EXERCISE -
Two lines mark the range in the entries below: the one holding "F115AETL drawing FUEL-SUPPLY-3" and the one holding "4. The WiFi code is on the wall". Set down those two and all lines between them, exactly.

GIVEN DATA -
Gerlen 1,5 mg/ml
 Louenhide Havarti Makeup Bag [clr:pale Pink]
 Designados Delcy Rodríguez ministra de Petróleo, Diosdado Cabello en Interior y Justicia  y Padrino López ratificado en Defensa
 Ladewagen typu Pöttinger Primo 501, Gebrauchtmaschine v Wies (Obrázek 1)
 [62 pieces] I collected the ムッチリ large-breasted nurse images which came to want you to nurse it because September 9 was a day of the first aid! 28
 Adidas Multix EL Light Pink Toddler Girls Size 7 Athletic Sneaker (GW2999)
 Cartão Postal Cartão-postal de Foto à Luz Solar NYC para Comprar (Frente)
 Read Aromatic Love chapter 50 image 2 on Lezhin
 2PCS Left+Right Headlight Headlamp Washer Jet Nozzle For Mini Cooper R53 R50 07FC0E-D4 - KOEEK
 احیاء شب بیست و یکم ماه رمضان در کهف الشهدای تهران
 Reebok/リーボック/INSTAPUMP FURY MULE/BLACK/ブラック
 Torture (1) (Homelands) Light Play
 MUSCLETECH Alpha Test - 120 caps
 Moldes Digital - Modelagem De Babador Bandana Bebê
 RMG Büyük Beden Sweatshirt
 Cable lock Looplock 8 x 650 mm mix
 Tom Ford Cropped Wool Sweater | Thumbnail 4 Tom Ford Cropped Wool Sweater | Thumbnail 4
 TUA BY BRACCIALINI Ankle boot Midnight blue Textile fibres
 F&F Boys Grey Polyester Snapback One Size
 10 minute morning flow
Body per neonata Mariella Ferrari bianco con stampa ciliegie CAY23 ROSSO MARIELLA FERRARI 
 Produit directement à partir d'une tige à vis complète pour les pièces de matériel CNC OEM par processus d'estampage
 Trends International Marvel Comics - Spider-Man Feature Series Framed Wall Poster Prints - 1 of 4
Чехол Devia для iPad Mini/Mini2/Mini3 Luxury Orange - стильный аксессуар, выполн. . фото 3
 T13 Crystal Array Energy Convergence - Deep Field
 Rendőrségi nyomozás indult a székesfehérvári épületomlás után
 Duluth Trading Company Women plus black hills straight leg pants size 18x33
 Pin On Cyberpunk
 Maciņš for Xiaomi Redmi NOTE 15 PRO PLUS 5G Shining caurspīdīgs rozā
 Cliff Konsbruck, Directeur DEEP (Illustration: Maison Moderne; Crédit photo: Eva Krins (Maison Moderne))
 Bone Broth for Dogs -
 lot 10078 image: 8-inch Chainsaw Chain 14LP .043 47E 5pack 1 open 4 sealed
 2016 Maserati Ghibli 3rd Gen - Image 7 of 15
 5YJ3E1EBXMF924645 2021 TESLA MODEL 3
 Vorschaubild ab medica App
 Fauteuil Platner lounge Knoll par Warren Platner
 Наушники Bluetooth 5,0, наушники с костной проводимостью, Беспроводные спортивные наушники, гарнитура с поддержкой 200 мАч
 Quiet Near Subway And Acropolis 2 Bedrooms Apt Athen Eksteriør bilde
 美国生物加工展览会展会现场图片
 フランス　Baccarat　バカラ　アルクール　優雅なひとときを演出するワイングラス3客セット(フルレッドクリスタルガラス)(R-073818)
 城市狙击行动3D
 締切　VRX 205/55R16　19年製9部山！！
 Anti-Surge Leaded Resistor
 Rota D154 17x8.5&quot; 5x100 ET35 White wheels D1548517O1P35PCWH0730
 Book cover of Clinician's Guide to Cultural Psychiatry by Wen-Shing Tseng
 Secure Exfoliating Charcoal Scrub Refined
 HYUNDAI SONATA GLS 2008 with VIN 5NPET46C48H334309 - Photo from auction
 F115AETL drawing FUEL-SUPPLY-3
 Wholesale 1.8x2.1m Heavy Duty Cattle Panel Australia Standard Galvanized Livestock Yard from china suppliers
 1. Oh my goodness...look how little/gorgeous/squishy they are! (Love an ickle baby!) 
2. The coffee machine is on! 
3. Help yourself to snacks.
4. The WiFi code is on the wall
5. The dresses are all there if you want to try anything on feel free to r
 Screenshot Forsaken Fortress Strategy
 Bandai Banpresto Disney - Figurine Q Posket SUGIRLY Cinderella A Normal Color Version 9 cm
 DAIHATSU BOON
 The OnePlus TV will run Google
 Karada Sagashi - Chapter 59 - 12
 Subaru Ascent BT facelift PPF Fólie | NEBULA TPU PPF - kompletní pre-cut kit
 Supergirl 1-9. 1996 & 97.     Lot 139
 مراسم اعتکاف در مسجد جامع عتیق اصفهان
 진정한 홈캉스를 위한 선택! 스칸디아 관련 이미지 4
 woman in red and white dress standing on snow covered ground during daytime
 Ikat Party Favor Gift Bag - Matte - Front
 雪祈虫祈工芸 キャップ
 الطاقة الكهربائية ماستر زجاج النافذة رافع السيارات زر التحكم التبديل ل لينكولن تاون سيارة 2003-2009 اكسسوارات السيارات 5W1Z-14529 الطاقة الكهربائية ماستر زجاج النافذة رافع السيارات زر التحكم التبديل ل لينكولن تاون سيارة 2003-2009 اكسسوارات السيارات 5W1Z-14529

RESULT OF THIS EXERCISE -
 F115AETL drawing FUEL-SUPPLY-3
 Wholesale 1.8x2.1m Heavy Duty Cattle Panel Australia Standard Galvanized Livestock Yard from china suppliers
 1. Oh my goodness...look how little/gorgeous/squishy they are! (Love an ickle baby!) 
2. The coffee machine is on! 
3. Help yourself to snacks.
4. The WiFi code is on the wall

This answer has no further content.